The !!!! Beat is an American television program that aired in syndication for 26 episodes in 1966. It was hosted by the Nashville, Tennessee WLAC based disc jockey Bill "Hoss" Allen, and featured a house band led by Clarence "Gatemouth" Brown which included David "Fathead" Newman. The show was recorded in color at WFAA, the ABC affiliate in Dallas, which had color facilities, and recorded and syndicated episodes of the program.
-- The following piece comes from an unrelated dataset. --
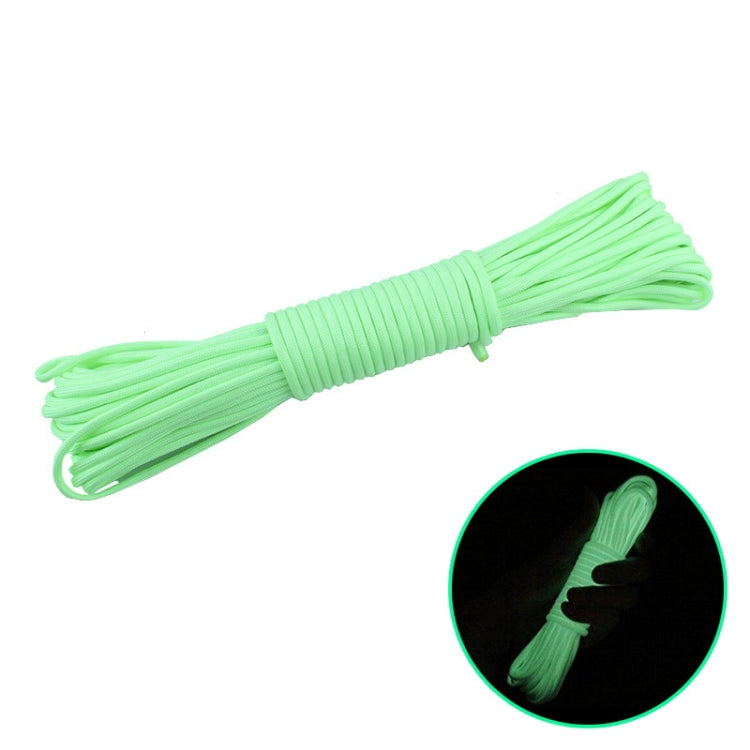 Corda Fluorescente de Escalada para Camping ao Ar Livre Nylon+Poliéster 9 Núcleos 20m, Branco 20m, Amarelo 20m, Rosa 20m, Verde 20m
At that time, none of the Nashville stations had color capability.

Guests included: Otis Redding, who hosted the final episode, Little Milton, Esther Phillips, Joe Tex, Etta James, Lattimore Brown, Roscoe Shelton, Carla Thomas, Freddie King, Barbara Lynn, Johnny Taylor, The Radiants, Louis Jordan, The Mighty Hannibal, Clarence 'Frogman' Henry, Robert Parker, Joe Simon, Mitty Collier, Jamo Thomas, Z. Z. Hill, Lou Rawls, Bobby Hebb, Willie Mitchell, Don Bryant, The Ovations, The Bar-Kays, Percy Sledge, Garnet Mimms, and Sam & Dave all appeared. Some of the artists would also chart well into the 1970s.

==DVD release==
The show was rumored to have been lost but to have been discovered by Willie Nelson in his own collection.
In 2005, Bear Family Records released all 26 episodes of the show (on six discs) on Region 1 DVD in the United States.